Kiel Brown

Personal information
- Nationality: Australian
- Born: May 1984 (age 42) Toowoomba, Queensland

Sport
- Country: Australia
- Sport: Field hockey
- Event: Men's team

Medal record
Men's field hockey
Representing Australia
Olympic Games
| Bronze medal – third place | 2008 Beijing | Team |
Champions Trophy
| Gold medal – first place | 2008 Rotterdam | Team |
| Gold medal – first place | 2011 Auckland | Team |
| Gold medal – first place | 2012 Melbourne | Team |
Commonwealth Games
| Gold medal – first place | 2014 Glasgow | Team |
World Cup
| Gold medal – first place | 2010 New Delhi | Team |

= Kiel Brown =

Australian field hockey player

Kiel Brown (born May 1984) is an Australian field hockey player. He earned a bronze medal at the 2008 Summer Olympics and a gold medal at the 2011 Men's Hockey Champions Trophy.

==Personal==
Brown was born in May 1984 in Toowoomba, Queensland. He is from Western Australia. He is currently a university student, at Curtin University where he is studying psychology.

In 2008, Brown gave a Melbourne-based reporter a tour of the 2008 Summer Olympics athlete quarters. He and his teammates brought blow up toys to the games, including blow up boxing kangaroos and crocodiles. He and his teammates also set up a slushy machine in their area of the athlete village.

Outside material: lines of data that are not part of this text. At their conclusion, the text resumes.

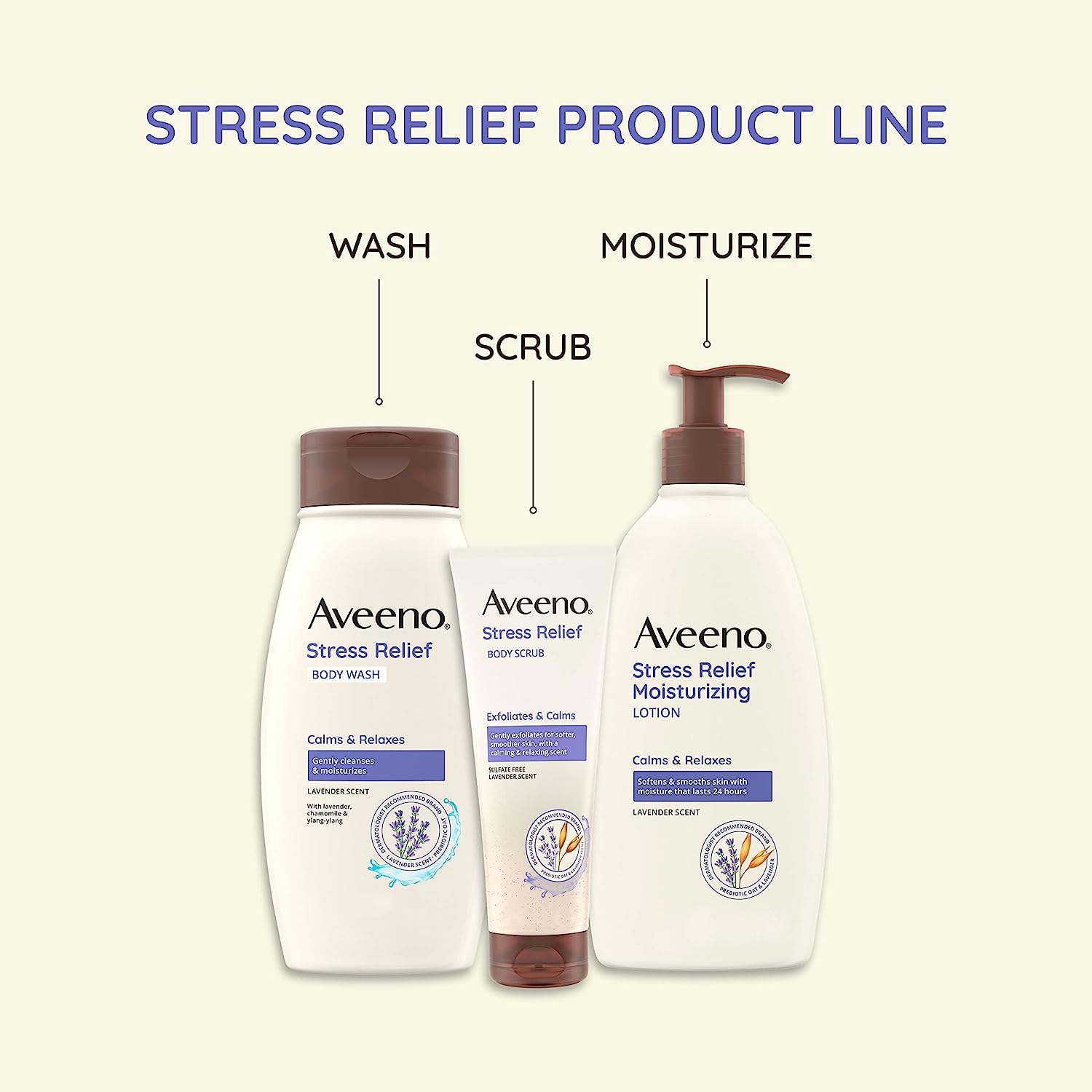 Aveeno Stress Relief Body Wash with Soothing Oat & Lavender Scent for Sensitive Skin, Moisturizing Shower Wash Gently Cleanses & Helps You Feel Calm & Relaxed, Sulfate-Free, 18 fl. oz : Everything Else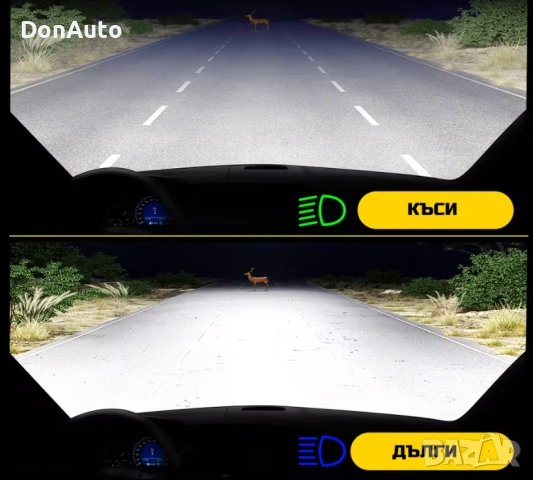 H4 LED крушки - 6500K, снимка 3 - Аксесоари и консумативи - 53135565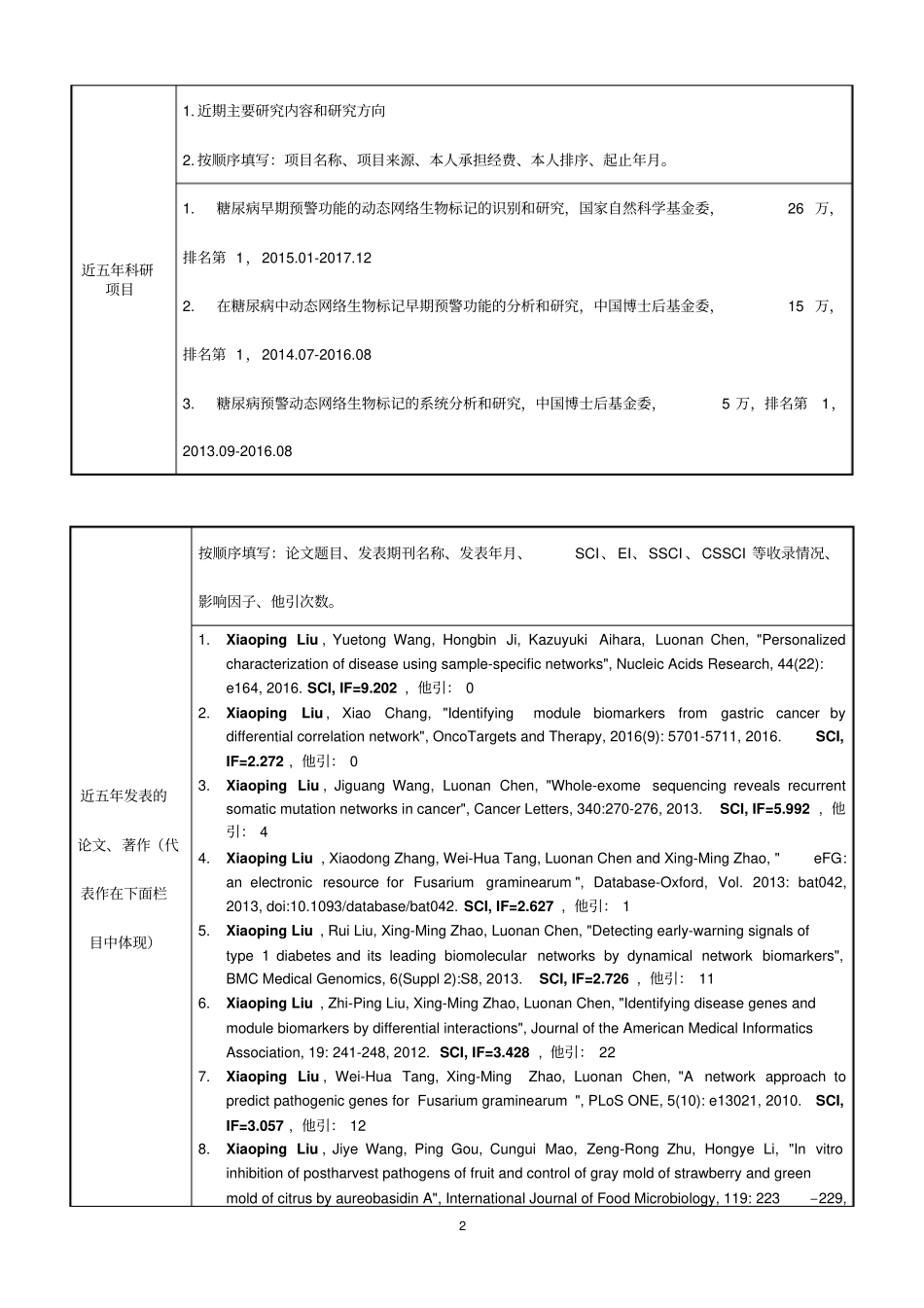 山东大学科研教师岗位应聘人员申请表_第2页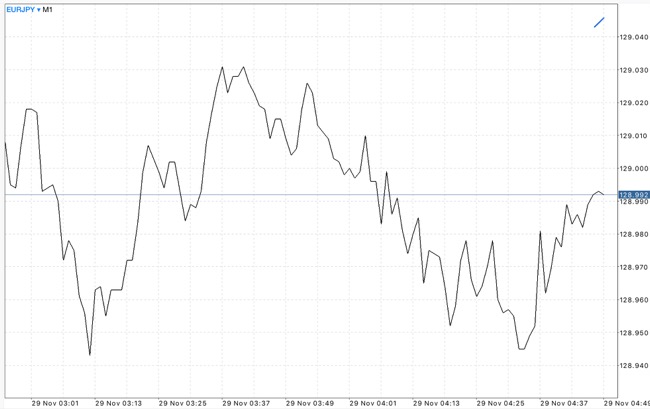 แอพเล่นหุ้นเงินล้าน
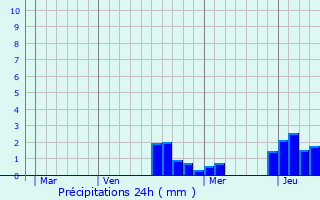 Graphique des précipitations prvues pour Broussey-Raulecourt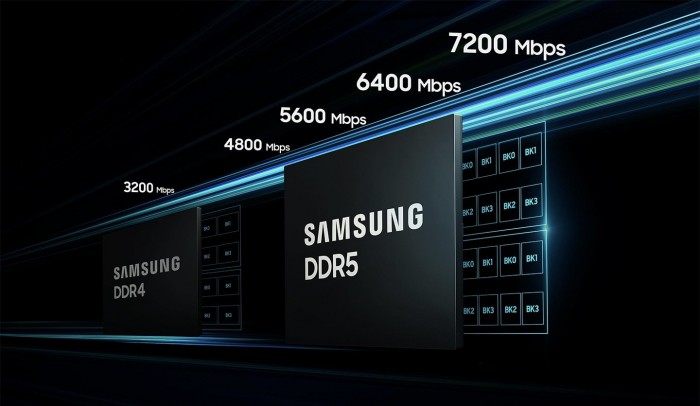 ddr7与ddr6 DDR7 与 DDR6 的震撼对决：速度与激情的角逐，改变生活场景的科技突破  第2张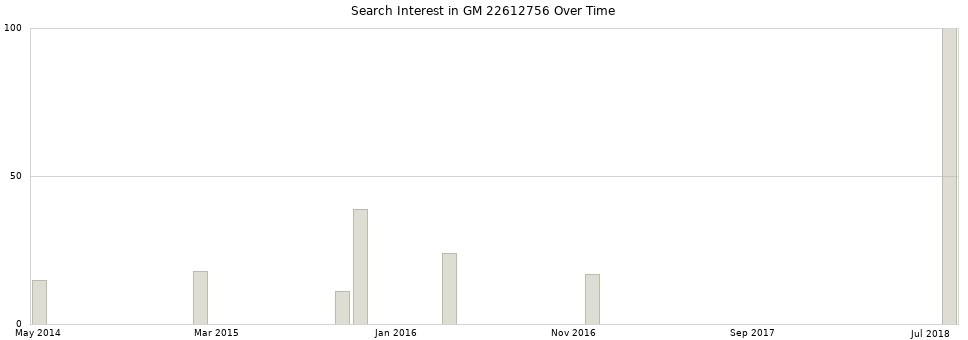 Search interest in GM 22612756 part aggregated by months over time.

He was given a welcome pack when he got there that included "body wash, hand sanitiser and a USB drive." It did not contain condoms, an item which had been distributed to 2004 Summer Olympics competitors.

==Field hockey==
Brown is a midfielder.

===Club hockey===
Brown plays club hockey for Wesley South Perth and was with the team in 2007. He played in the 22nd round of the Men's Wizard Home Loans Cup against YMCA Coastal City where his team lost 6–2. He did not compete in the 2007 season finale because he was called up to the national team.

===National team===
Brown's first senior national cap came in 2007 against the Netherlands. He competed in the 2007 Champions Trophy competition for Australia. In December 2007, he was a member of the Kookaburras squad that competed in the Dutch Series in Canberra. In January 2008, he was a member of the senior national team that competed at the Five Nations men's hockey tournament in South Africa. In 2008, he competed at and earned a bronze medal at the 2008 Summer Olympics. These were his first Olympic Games. New national team coach Ric Charlesworth named him, a returning member, and fourteen total new players who had few than 10 national team caps to the squad before in April 2009 in a bid to ready the team for the 2010 Commonwealth Games. In 2010, he won a gold medal at the Delhi hosted World Cup. He and Rob Hammond were considered by team coaches as one of the major contributors to the team in helping them secure their medal. In May 2011, he played in the Azlan Shah Cup for Australia. The Cup featured teams from Pakistan, Malaysia, India, South Korea, Britain and New Zealand. In December 2011, he was named as one of twenty-eight players to be on the 2012 Summer Olympics Australian men's national training squad. This squad will be narrowed in June 2012. He trained with the team from 18 January to mid-March in Perth, Western Australia. In February during the training camp, he played in a four nations test series with the teams being the Kookaburras, Australia A Squad, the Netherlands and Argentina. At the 2014 Commonwealth Games, he was part of the Australian team that won the gold medal.